> [Record excerpts]
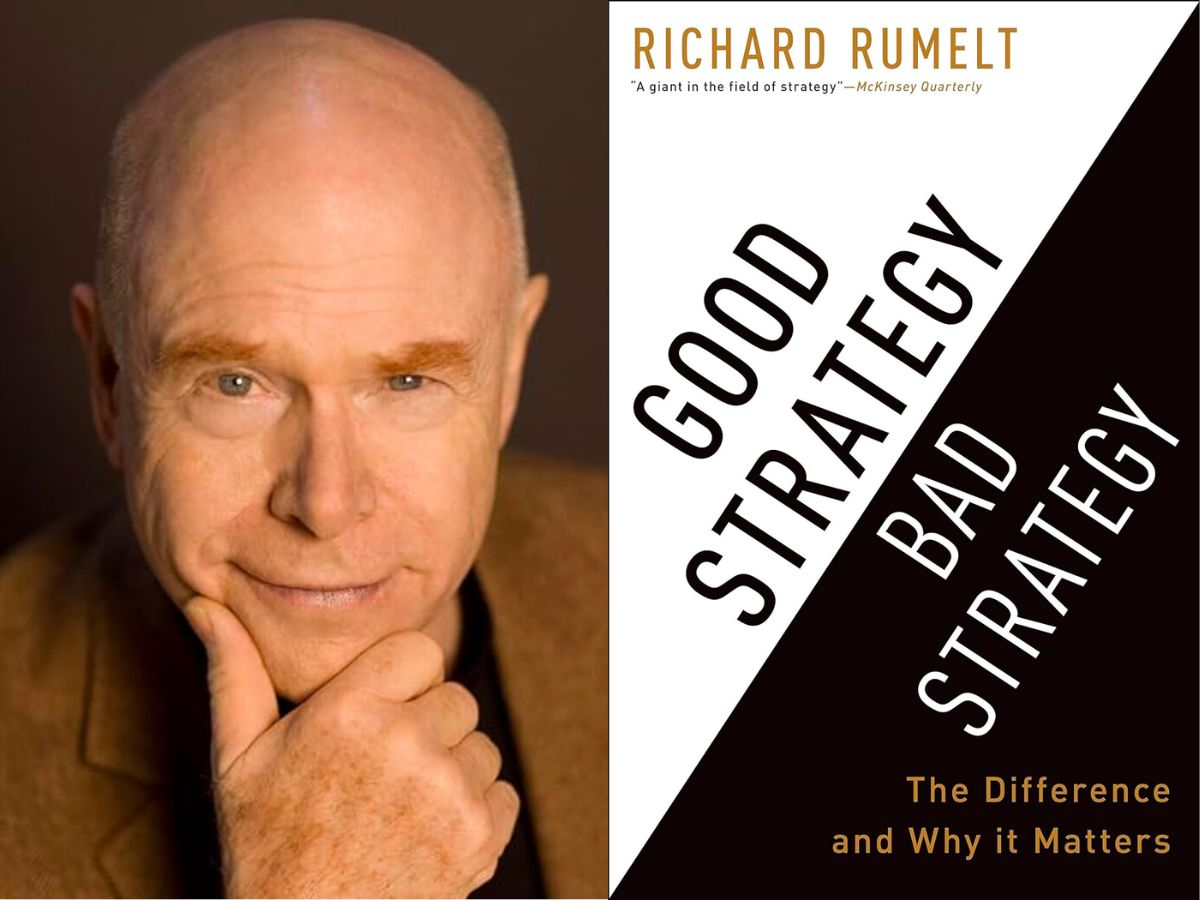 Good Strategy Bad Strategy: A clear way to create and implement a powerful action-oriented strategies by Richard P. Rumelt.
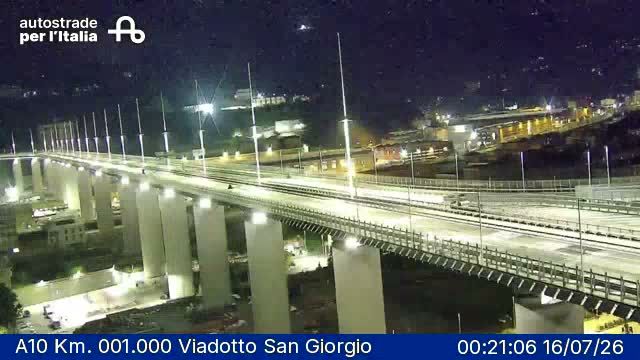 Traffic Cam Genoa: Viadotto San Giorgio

--

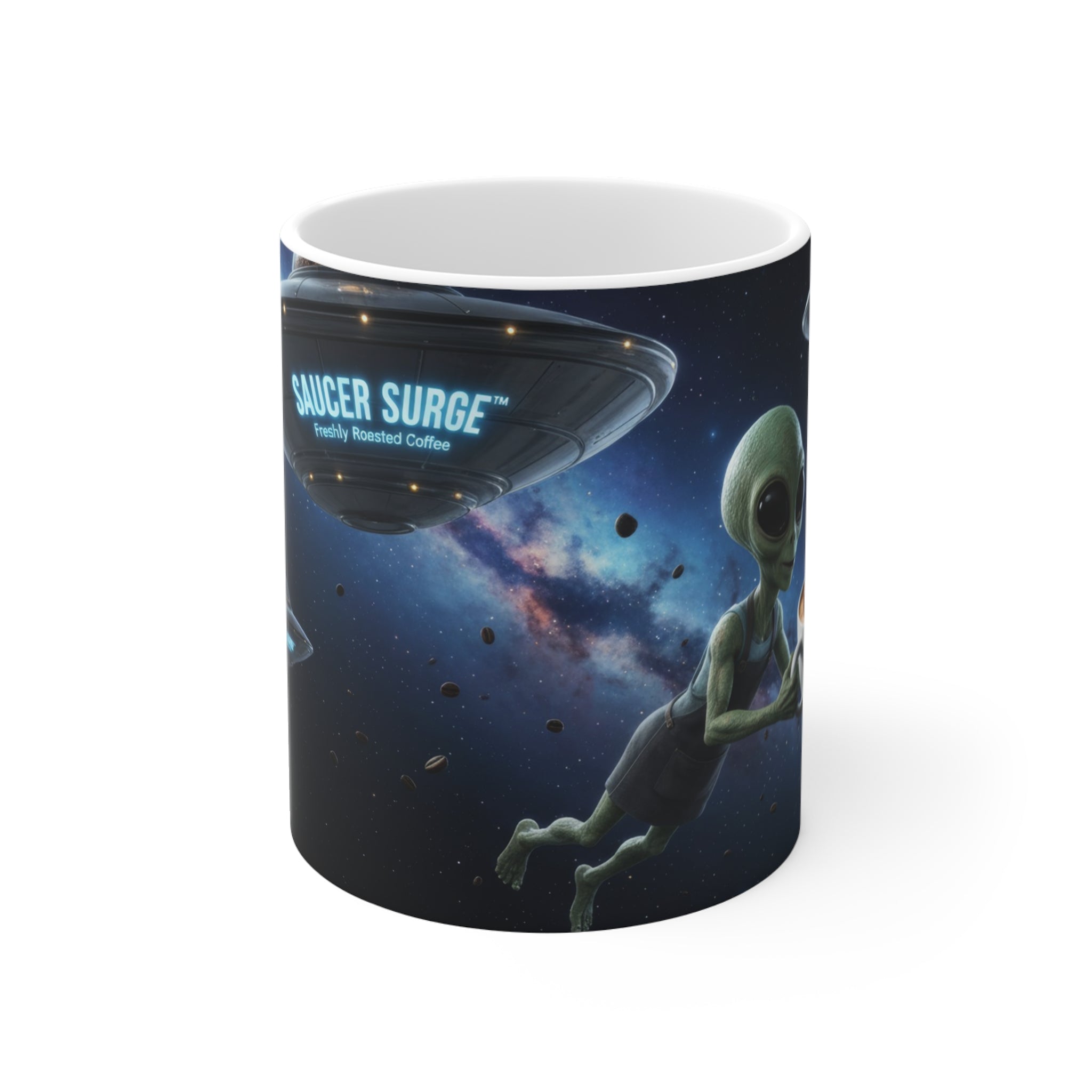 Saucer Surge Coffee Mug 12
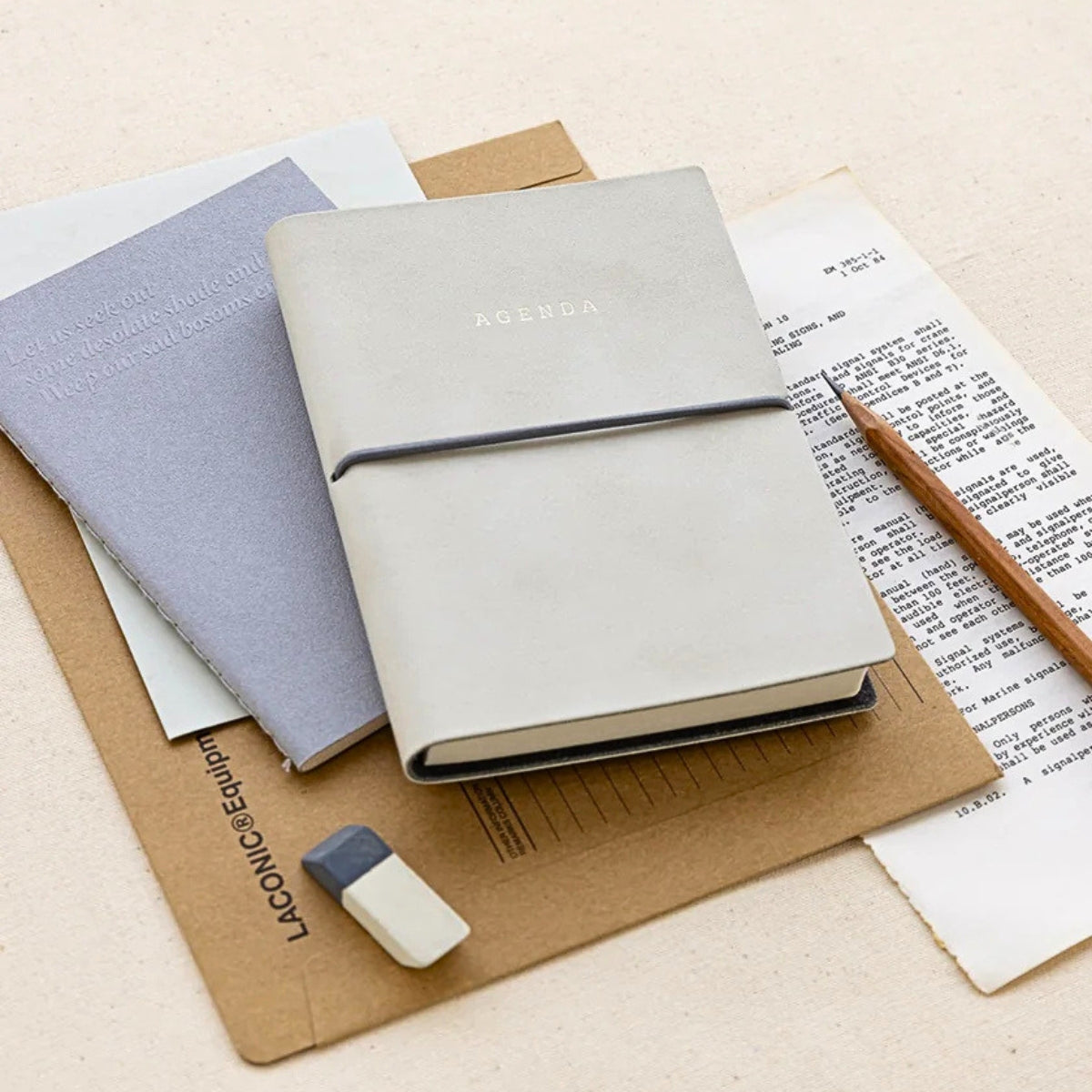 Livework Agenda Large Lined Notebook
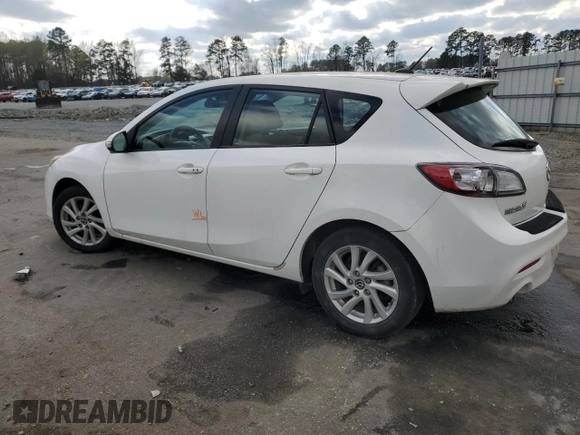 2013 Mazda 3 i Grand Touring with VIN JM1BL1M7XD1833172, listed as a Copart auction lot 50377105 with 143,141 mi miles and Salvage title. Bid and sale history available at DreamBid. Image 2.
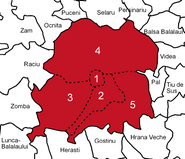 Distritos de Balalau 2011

> [Exercise details]
Go back to the listing above and reproduce, exactly, the stretch from the line bearing "Good Strategy Bad" through the line bearing "Traffic Cam Genoa: Viadotto San Giorgio", without its pictures.

> [Exercise solution]
 Good Strategy Bad Strategy: A clear way to create and implement a powerful action-oriented strategies by Richard P. Rumelt.
 Traffic Cam Genoa: Viadotto San Giorgio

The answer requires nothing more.